Wednesday, March 21, 2012

Marcella Hazan comfort food

Julia Child certainly pioneered gourmet cooking for our generation, breaking down the complex dishes into easy steps. But Marcella Hazan injected the fun of simple, easy Italian dishes into the equation with The Classic Italian Cook Book, and nowadays it is her recipes we go back to while it's rare that we still do Julia's.

Two perennials that we do every year at least once, though rarely on the same weekend as we did this year, are the pork loin braised in milk and the sauce bolognese. Both dishes apparently come from Bologna, the capital of Emilio-Romagna, generally considered the epicenter of Italian cuisine. Both combine meat and milk in a very un-kosher fashion. Both are incredibly simple and delicious.

For the pork, you take a 2 lb. tied roast, brown it in 2 Tbl. each of butter and oil, salt and pepper, add 2-1/2 c. milk and let it cook for 1-1/2 to 2 hours, turning the pork occasionally and basting it. Add more milk if necessary. When pork is tender, remove and drain fat from pot, add some water and boil quickly to loosen cooking bits. Slice the pork and drizzle the pan juice and brown milk curds over the slices. For the first time, I actually followed Marcella's suggested accompaniment of fried artichoke wedges and they were terrific with the pork.

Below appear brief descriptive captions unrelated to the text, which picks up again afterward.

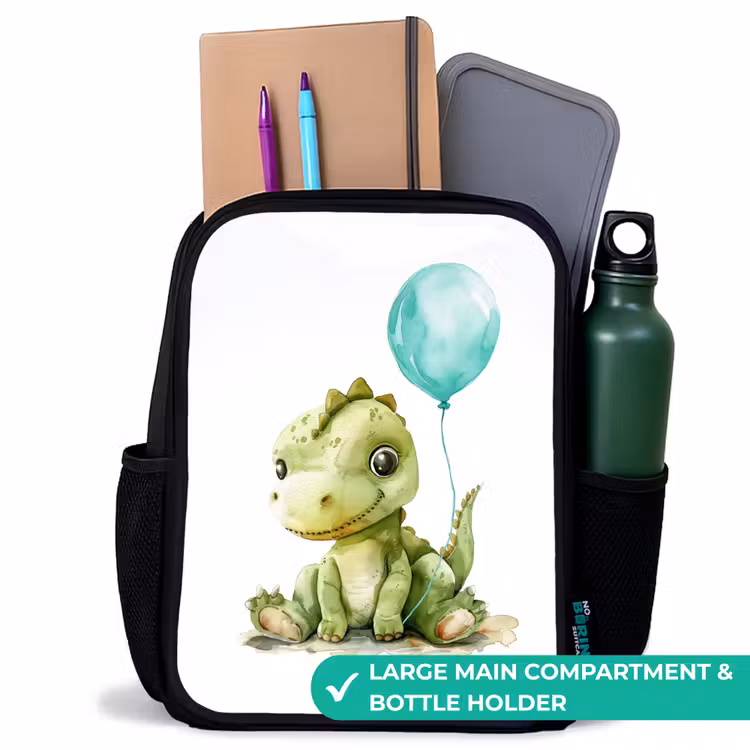 Kids backpack - Black - Dino with blue balloon — 10
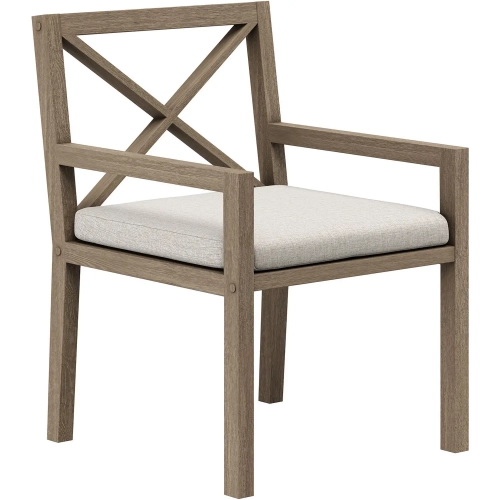 Northlake Outdoor Dining Arm Chair in Teak & Brown Fabric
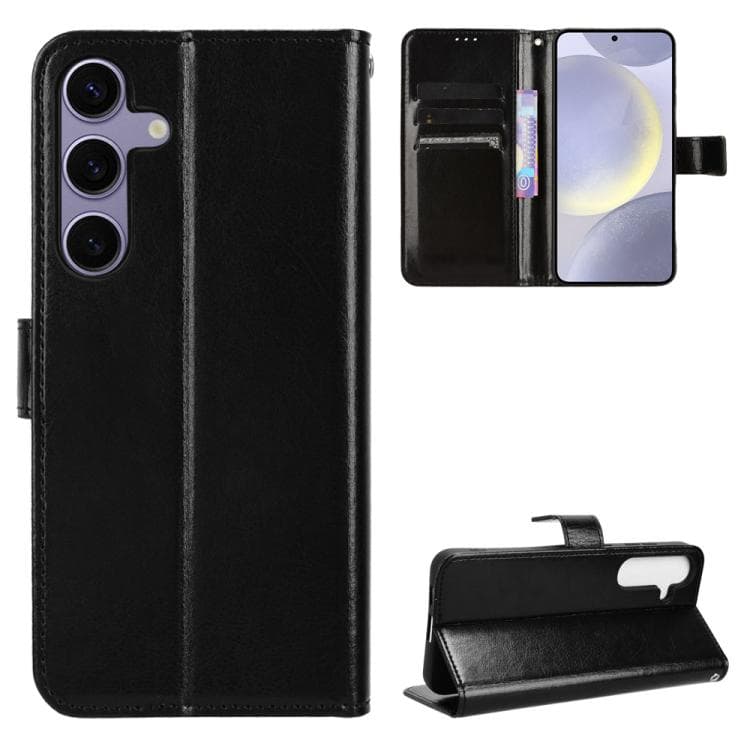 For Samsung Galaxy S26 5G Retro Crazy Horse Texture Vegan Leather Phone Case(Black) - Immagine 1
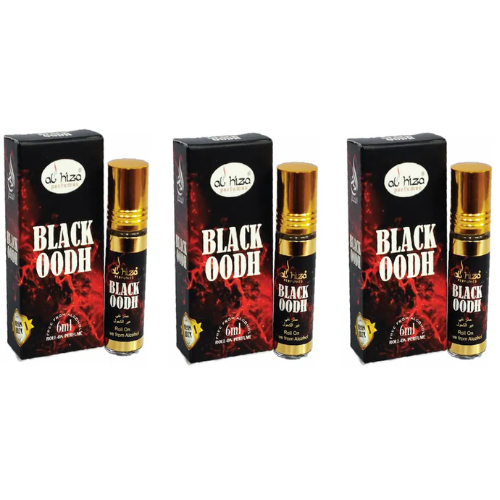 Al-Hiza Black Oodh Attar - 6ml Roll On | Deep Woody(Pack of 3)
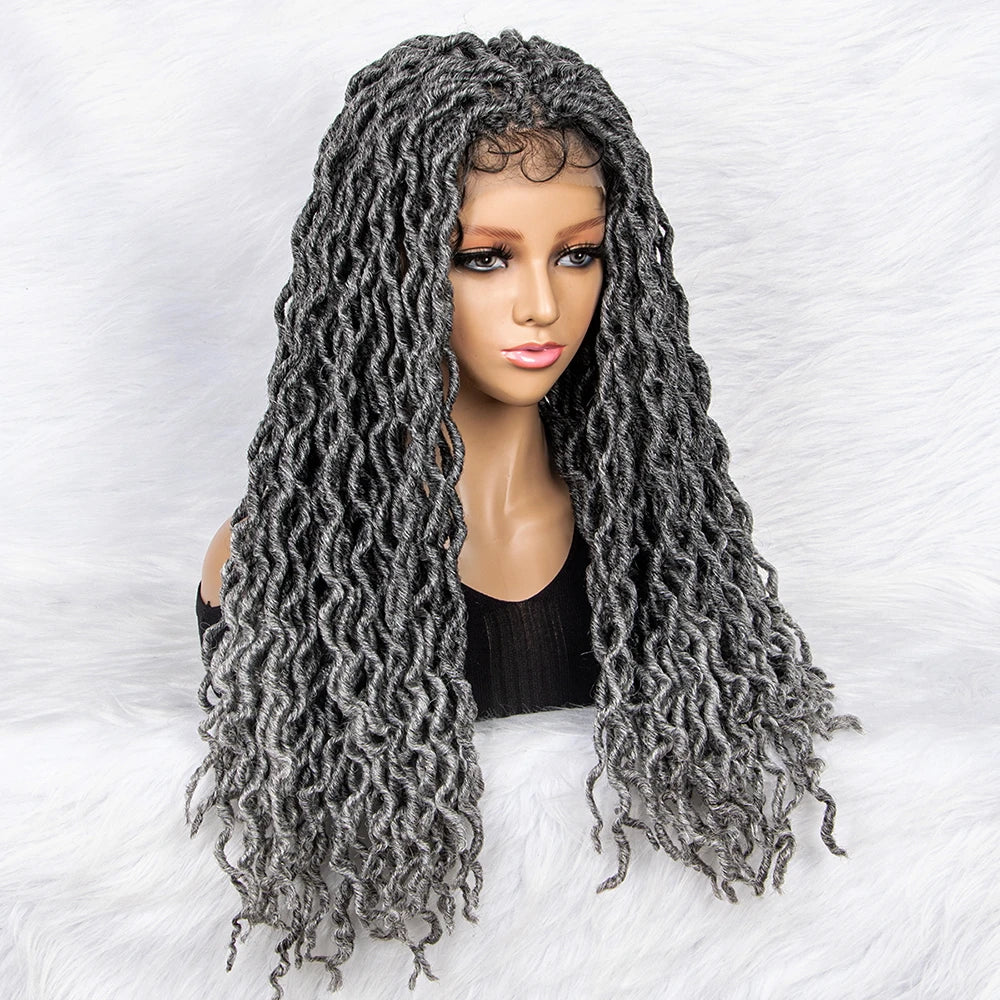 HD Transparent Lace Braided Wig with Lambswool Curls Luxegan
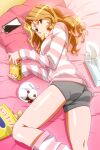  1girl ass bag_of_chips brown_eyes brown_hair cat cellphone chips feet_out_of_frame food from_above game_console handheld_game_console hayasaka_akira holding long_hair long_sleeves looking_at_viewer mouth_hold non-web_source official_art phone photoshop_(medium) pillow potato_chips shiny shiny_skin snack solo striped striped_sweater super_real_mahjong sweater tanaka_ryou tissue_box video_game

The sauce bolognese is almost as easy. You soften 2 Tbl chopped onion in 3 Tbl each of butter and oil, add 2 Tbl each of chopped celery and chopped carrot and cook gently for 2 min. Add 3/4 lb. ground beef, breaking it up and cooking over medium heat only to color it. Marcella makes a point in her head not of how important it is not to brown the meat, so that it can get sweet and velvety in the subsequent stewing. She calls for 1 tsp. salt in with the meat but we find that too much and reduce it to 1/2 tsp. Then add 1 c. white wine and cook over medium high heat until evaporated. Then 1/2 c. milk and cook over medium until evaporated. Then 2 c. canned Italian tomatoes, roughly chopped, with their juice. When the tomatoes start to bubble, turn down heat to simmer for 3, 4, or even 5 hours.

Often I do a double portion and freeze some, but since it is already spring I just did the recipe portion (which she optimistically lists as 6 portions). Every time we have it we agree we should have it more often.